ハロウィンの仮装の定番と言えば、魔女、お化け(ゴースト)、ゾンビ、フランケンシュタイン、ヴァンパイア、狼男、包帯男(ミイラ)など、人々から「恐ろしい」と思われている存在です。現代では映画やコミックなどでさまざまな怪物が創作されるので、仮装のスタイルは多様になっています。

Trick or Treat!

アメリカではハロウィンの日には仮装した子供たちが家を訪ねて「Trick or Treat!(お菓子をくれなきゃ、いたずらするぞ!)」と声をかけてお菓子をねだる風習があります。大人は「Happy Halloween!(ハッピーハロウィン!)」と答えて用意したお菓子を渡します。これはハロウィン文化が発展していく過程で後世になって生まれた風習で、悪霊が家に入り込まないようお菓子を渡して帰ってもらう、魔除けの意味があると言われています。

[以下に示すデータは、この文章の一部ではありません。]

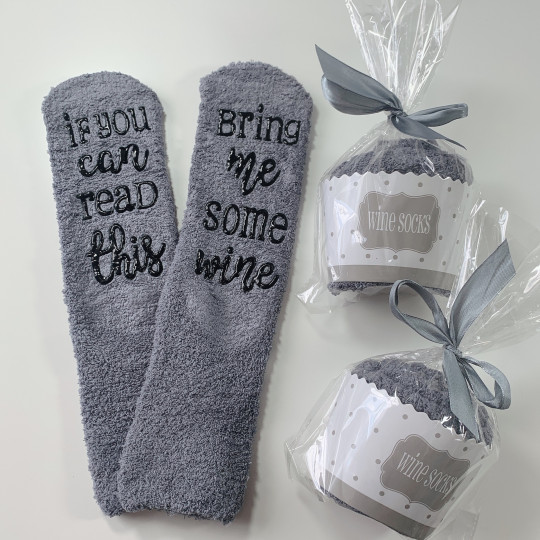 Grey fluffy socks with wine...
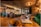 A modern and elegantly designed bar interior with warm lighting that creates a cozy atmosphere. The bar is stocked with various bottles and glasses hanging above. Plush green and brown seating, coupled with wooden tables, enhances the luxurious vibe.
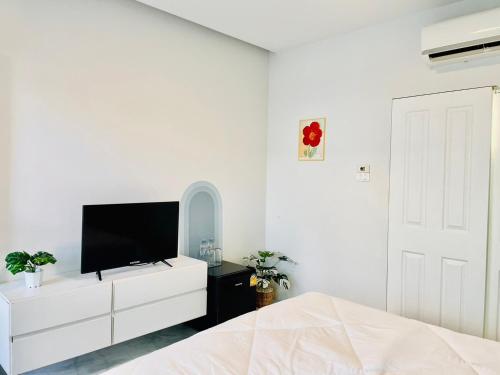 清迈Sky View Home and Hostel Chiangmai的一间白色卧室,配有电视和白色梳妆台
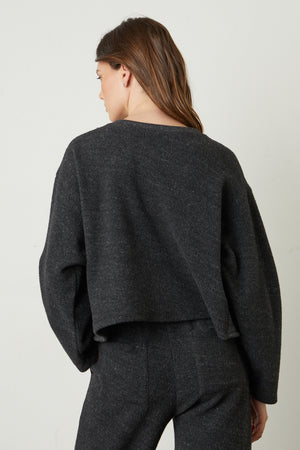 the back view of a woman wearing a Velvet by Graham & Spencer ARISSA CROPPED SWEATSHIRT and pants.
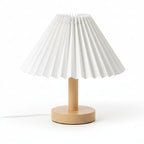 Pleated conical table lamp with white pleated shade and light wood round base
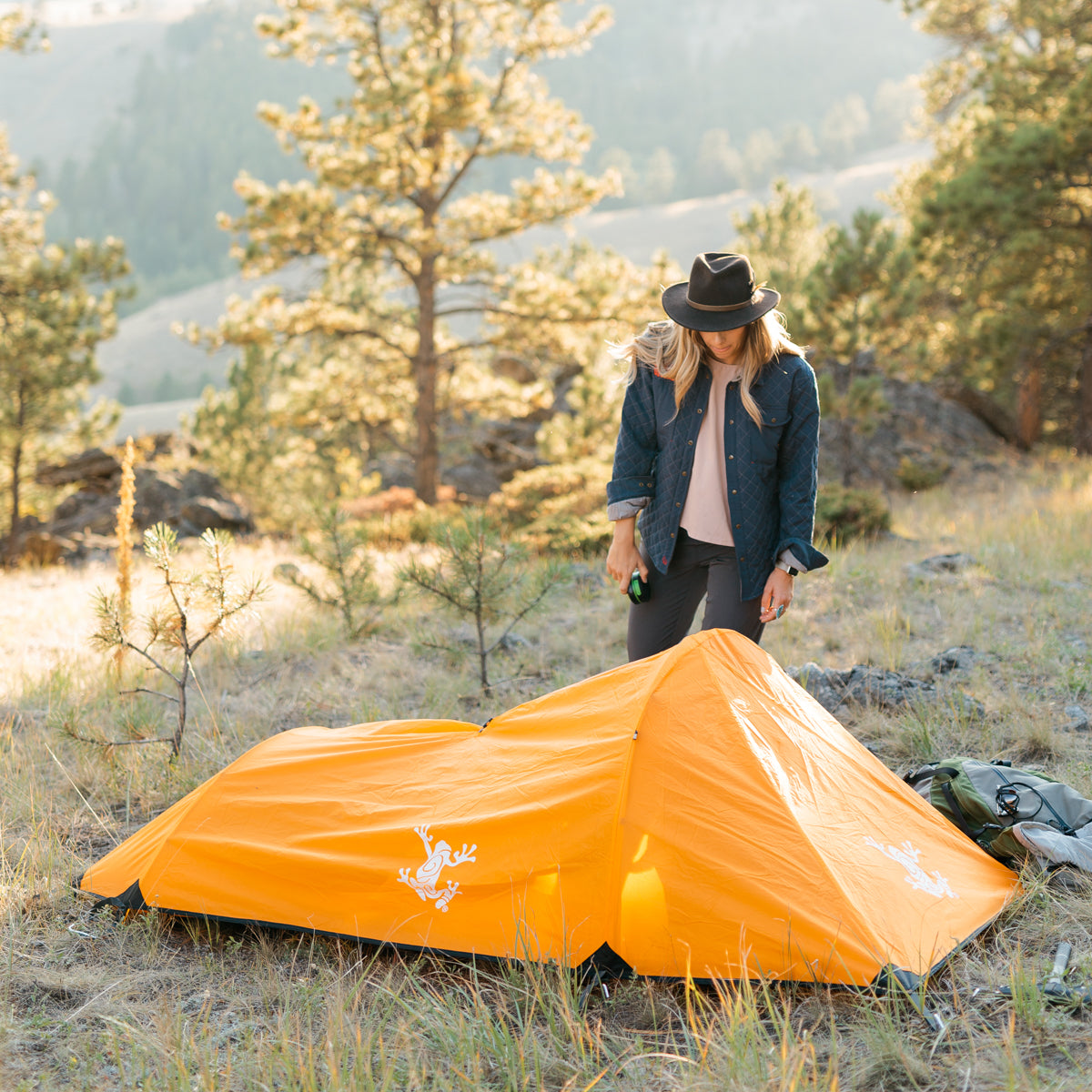 Orange Bivy Tent with Rain Fly and woman standing next to the tent in the mountains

カトリック教会では11月1日が諸聖人の日(万聖節)と先述しましたが、次の日の11月2日は死者の日(万霊節)です。すべての死者の魂のために祈りを捧げる日で、16世紀頃のイギリスでは、この日に「ソウリング(souling)」という物乞いをする風習がありました。貧しい人が裕福な家々を回り、訪問先の家の死者へ祈りを捧げるかわりに、ソウルケーキというクッキーのようなお菓子をもらう風習です。これがアメリカに伝わり、長い時間をかけて、子供が仮装をしてお菓子をもらいに回る風習へ変化したのではないかと言われています。

ジャック・オ・ランタン

ハロウィンのシンボルともいえるジャック・オ・ランタンJack-o'-Lantern)。これは堕落した人生を送って亡くなった男性ジャックの魂が、この世をさまよっている姿と言われています。語源は17世紀のイギリスで使われていた「Jack of the lantern(ランタンを持った男)」だと言われています。当時のイギリスでは見知らぬ男性をジャックのような通称で呼んでいました。

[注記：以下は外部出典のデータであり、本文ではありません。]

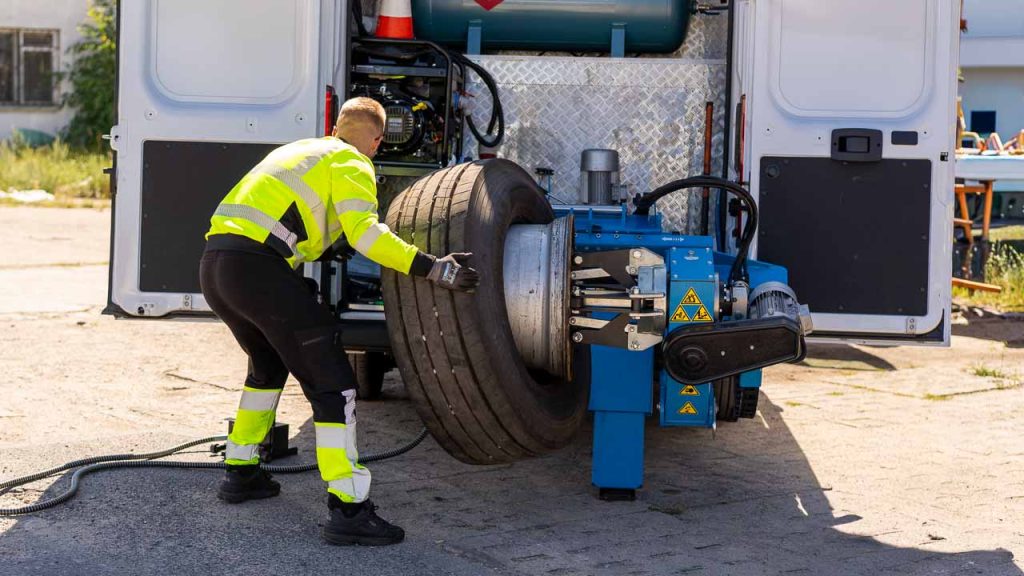 Serwisant zdejmuje oponę ciężarową z felgi na mobilnej montażownicy w busie serwisowym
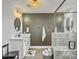 Elegant bathroom featuring modern fixtures, gray accent wall, white cabinets, and a stylish shower at 360 Parish Farms Dr, Summerville, SC 29486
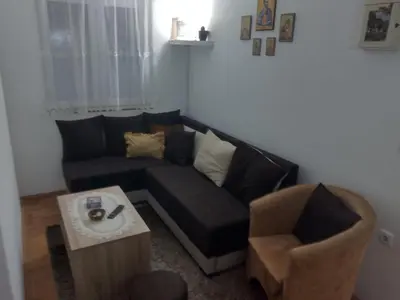 a living room with a couch and a chair at Apartman Krstić in Vrnjačka Banja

悲しい物語のあるジャック・オ・ランタンですが、ハロウィン文化が広がっていくにつれて現在では

  • 旅人が迷わないように道案内をしてくれる
  • 家の玄関口に飾ると魔除けとなってくれる
  • 良い霊を呼び寄せて、悪い霊は追い払ってくれる

などポジティブな意味合いを持つアイテムとして親しまれるようになりました。

もともと古代ケルト人が人間の頭蓋骨を模して生み出したアイテムなので、本来は白いカブで作ります。スコットランドでは現在も「ルタバガ」というカブに似た野菜で白いジャック・オ・ランタンを作っています。アメリカに渡った移民が、白いカブの代わりに現地で生産されていたカボチャを代用したことから「ジャック・オ・ランタン=カボチャ」のイメージが定着していきました。

日本でも灯篭や提灯にろうそくを入れて灯します。

ろうそくの光に神聖なものを感じるのは世界共通なんですね。